Think of vendor churn - if your chosen AI provider folds or pivots, your investment in onboarding and integration vanishes overnight. Or token pricing volatility - many AI tools price usage by “tokens”, leaving SMEs exposed to unpredictable costs as models evolve.
Then there’s compliance blind spots - data privacy, copyright and emerging regulations (like the EU AI Act) create legal risks few SMEs are resourced to monitor. There’s also adoption challenges - tools fail not because they lack capability but because teams never fully adopt them, often because of poor planning or lack of training.
Building AI the Right Way
Some SMEs respond by trying to build AI solutions in-house. That can work - but only if those teams combine technical skills with compliance knowledge, change management and training expertise. Few early-stage teams can cover all those bases.

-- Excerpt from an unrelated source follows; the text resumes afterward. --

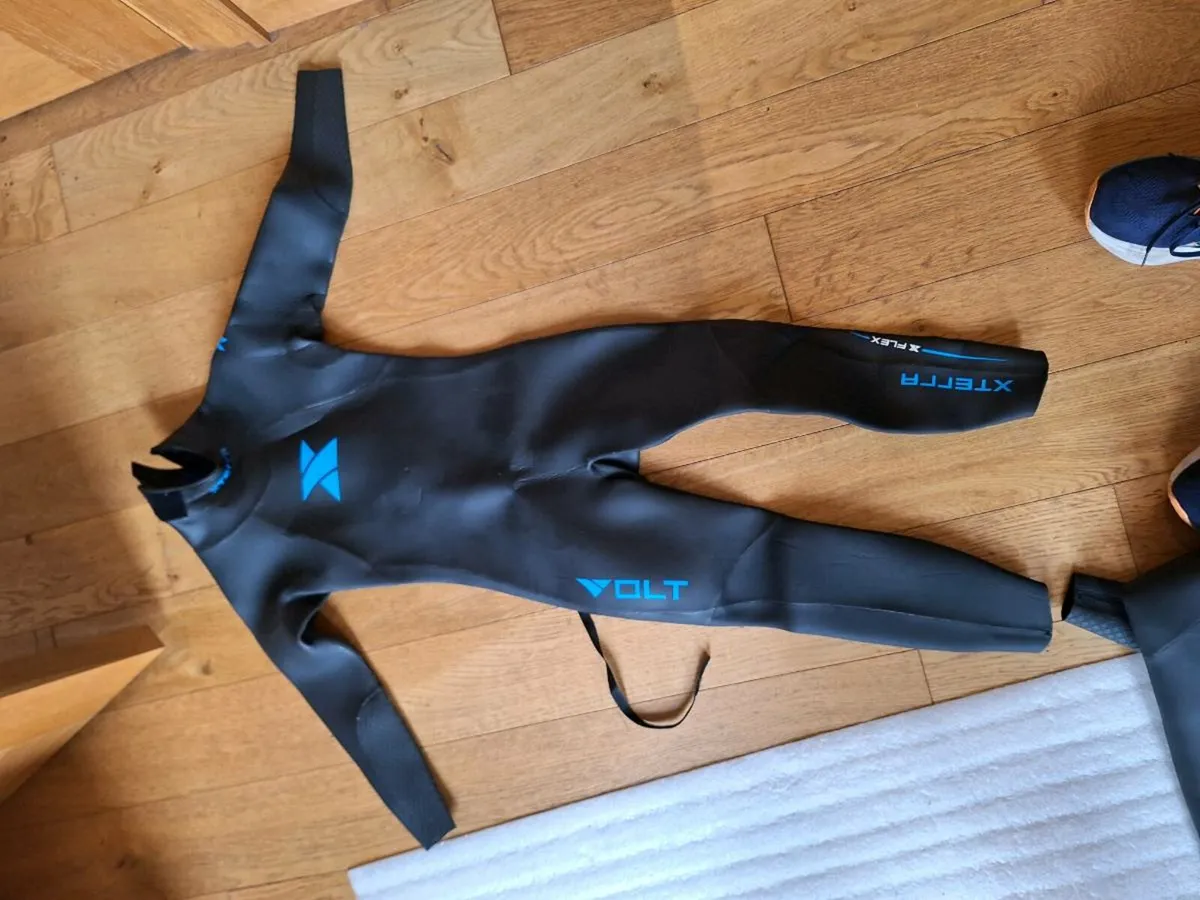 Kids XTERRA wetsuits for Openwater / Triathlon - Image 1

Others chase “plug-and-play” tools, hoping for instant results. But shortcuts here often lead to bigger headaches down the line - from fragmented systems to compliance gaps and spiralling costs.
The smarter approach? Measured action. Clear priorities. Due diligence on vendors. And a roadmap that balances ambition with sustainability.
Where We Fit In
At AI Expert, this is exactly what we do. We help SMEs identify tools that will stand the test of time and build adoption strategies that safeguard both budget and compliance. Our approach is deliberately phased.
It starts with a free AI Readiness Assessment, giving businesses an honest picture of where AI can create value immediately and where it isn’t yet viable. From there, we run a focused AI Workshop to map opportunities and align leadership on priorities. Insights from that session feed into a practical AI Roadmap that sets out clear costs, timelines and return on investment - the kind of plan decision-makers can act on with confidence.
When businesses are ready to move forward, we support implementation, ensuring the right tools are integrated into existing workflows and adopted across teams. And because AI doesn’t stand still, we provide ongoing AI Optimisation and AI Compliance oversight so the technology continues to deliver value long after launch.
The Road Ahead
The next few years will be pivotal. AI adoption will accelerate, thousands more tools will flood the market and inevitable consolidation will see many of today’s platforms disappear.
For SMEs, the real winners will be those who approach AI with clarity and caution, adopting it where it drives value, avoiding it where it doesn’t and building systems designed to endure beyond the hype cycle.
The race for AI isn’t about who moves first. It’s about who builds to last.